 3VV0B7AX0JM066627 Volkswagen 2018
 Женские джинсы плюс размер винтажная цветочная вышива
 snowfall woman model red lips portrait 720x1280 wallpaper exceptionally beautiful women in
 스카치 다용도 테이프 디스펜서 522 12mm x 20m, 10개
====================
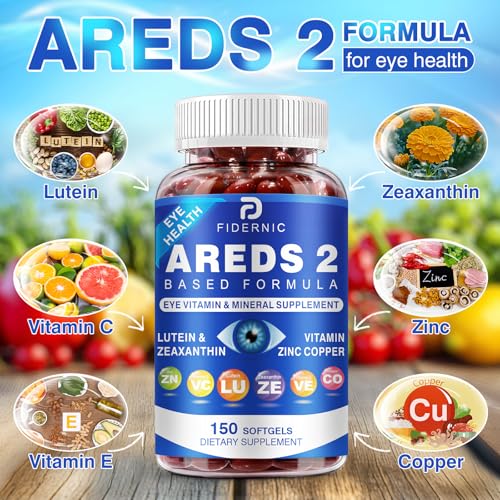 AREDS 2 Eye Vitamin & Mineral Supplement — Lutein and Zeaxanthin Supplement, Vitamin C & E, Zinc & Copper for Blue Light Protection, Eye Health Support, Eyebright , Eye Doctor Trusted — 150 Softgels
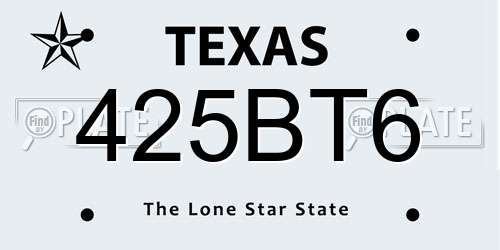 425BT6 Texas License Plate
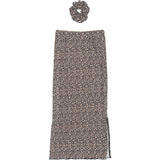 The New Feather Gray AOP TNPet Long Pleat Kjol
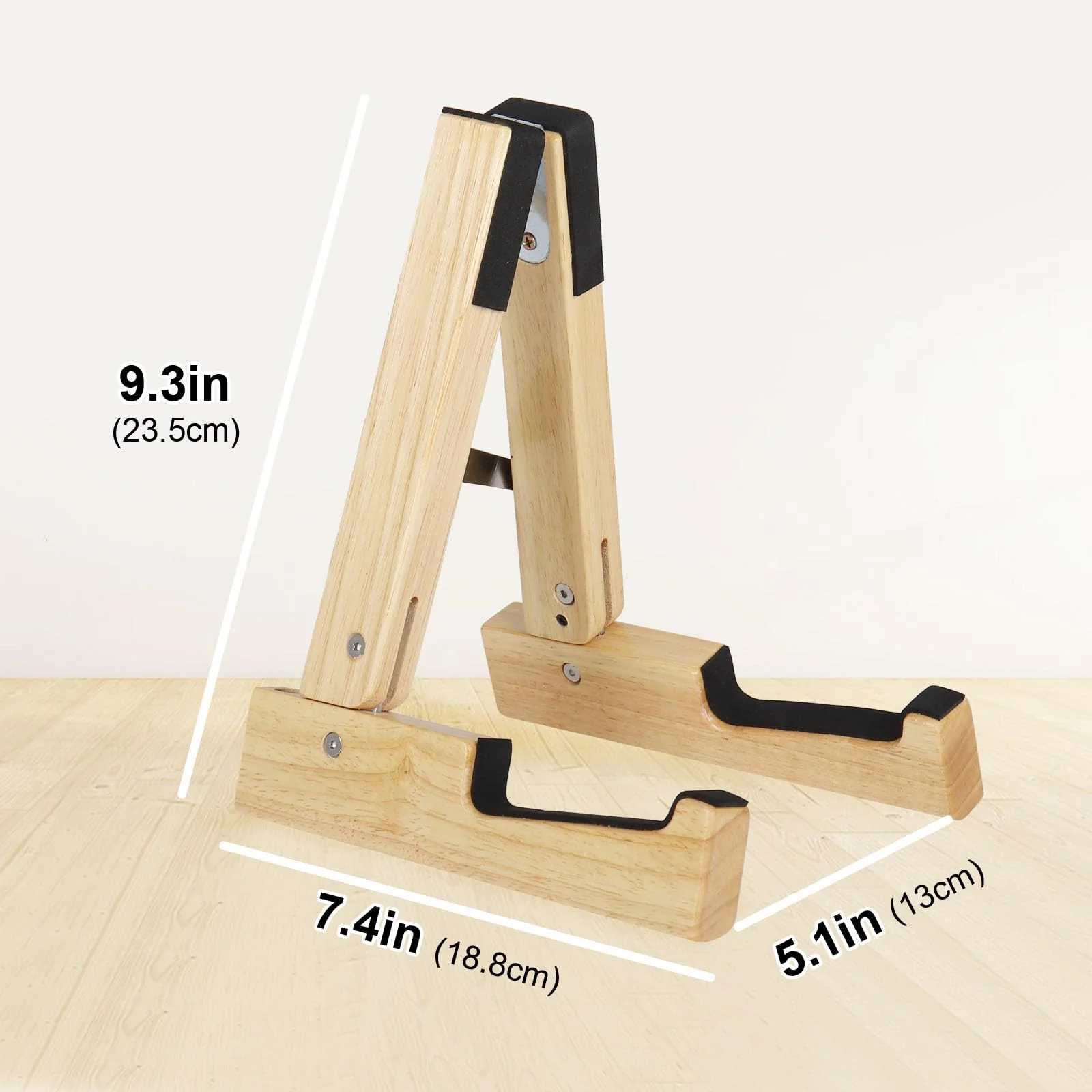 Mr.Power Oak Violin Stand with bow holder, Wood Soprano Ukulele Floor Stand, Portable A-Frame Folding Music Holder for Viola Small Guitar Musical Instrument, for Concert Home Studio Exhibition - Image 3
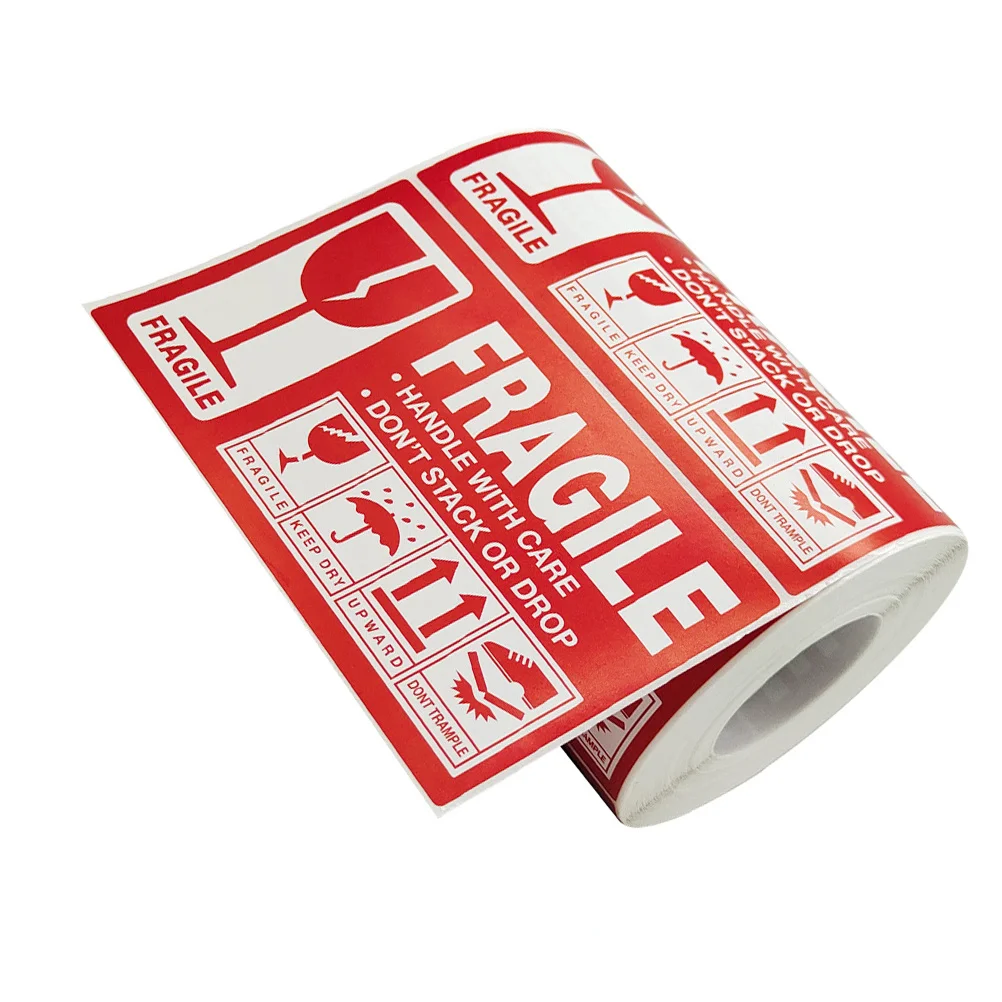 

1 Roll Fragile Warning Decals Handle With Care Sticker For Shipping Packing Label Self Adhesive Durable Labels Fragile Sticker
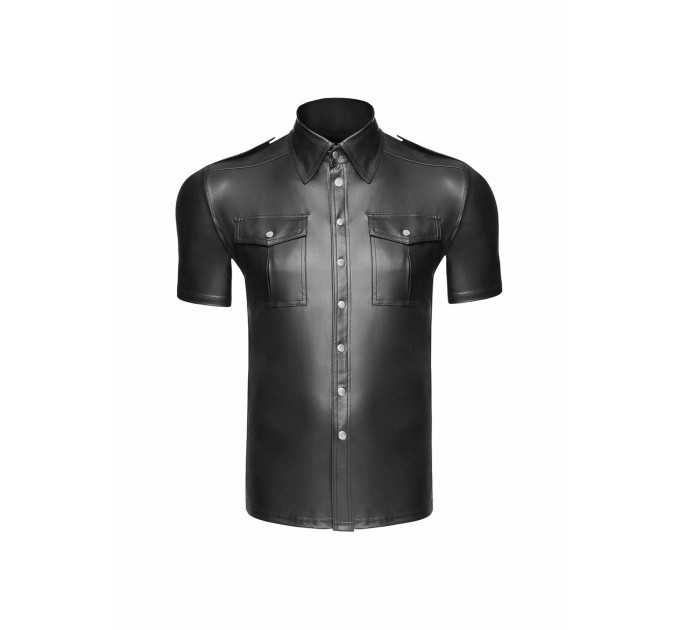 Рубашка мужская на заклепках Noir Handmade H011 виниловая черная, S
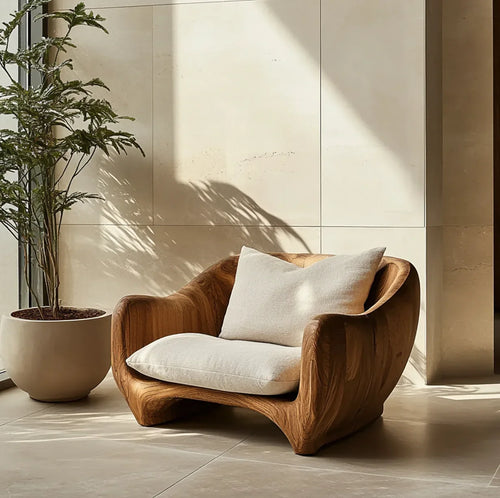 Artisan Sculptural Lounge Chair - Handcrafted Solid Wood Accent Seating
====================
_What is needed_:
Only the lines starting at the one that includes "AREDS 2 Eye" and ending at the one that includes "The New Feather" should be retyped, exactly, from the records above; no pictures.

_Solution_:
 AREDS 2 Eye Vitamin & Mineral Supplement — Lutein and Zeaxanthin Supplement, Vitamin C & E, Zinc & Copper for Blue Light Protection, Eye Health Support, Eyebright , Eye Doctor Trusted — 150 Softgels
 425BT6 Texas License Plate
 The New Feather Gray AOP TNPet Long Pleat Kjol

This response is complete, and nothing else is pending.